満足度★★★★
鑑賞日2020/09/28 (月) 18:30
座席1階
演出の斎藤理恵子さんがパンフレットで書いているように、ここに登場する男も女もとんでもない奴らばかりなのだ。青鞜社をつくった平塚らいてうとその周囲の女たちの物語だ。大杉栄などは自分勝手な女たらしもいいところで、今の時代なら絶対に糾弾されている人生だった。そういう意味では、時代に抱かれて自由に生きられた男女であった。
でも、さすがに「とんでもない奴ら」と切り捨てた女性演出家だけあって、伊藤野枝に厳しいところが随所に出てきて興味深い。
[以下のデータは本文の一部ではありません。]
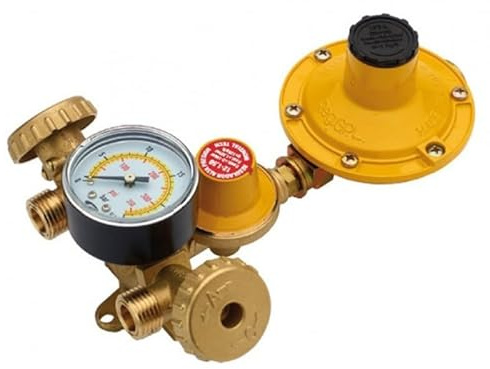 Mini Centralina Gas GPL a Y per 2 Bombole, con Manometro, 1° Stadio 8-12kg - 2° Stadio 4kg, G3/8 Femmina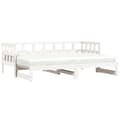 Miniatyrbillede 1 af 11: vidaXL daybed med udtræk 80x200 cm massivt fyrretræ hvid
自分の印象では野枝はバリバリ働いて自由奔放好き勝手に時代に背いている女性、という感じなのだが、この演出家はまるで時代劇に出てくる力なき女のように、よよと泣かせる場面をつくったのだ。
群像劇だから例えば島村抱月とか松井須磨子とか荒畑寒村とか、それぞれの場面を描いている。だがやっぱり、もっと野枝に絞って展開したほうが面白かった気がする。いっそのこと伊藤野枝物語にして、史実にはでてこないような野枝の素顔を膨らませて客席を楽しませるという切り口はあるかな、と思った。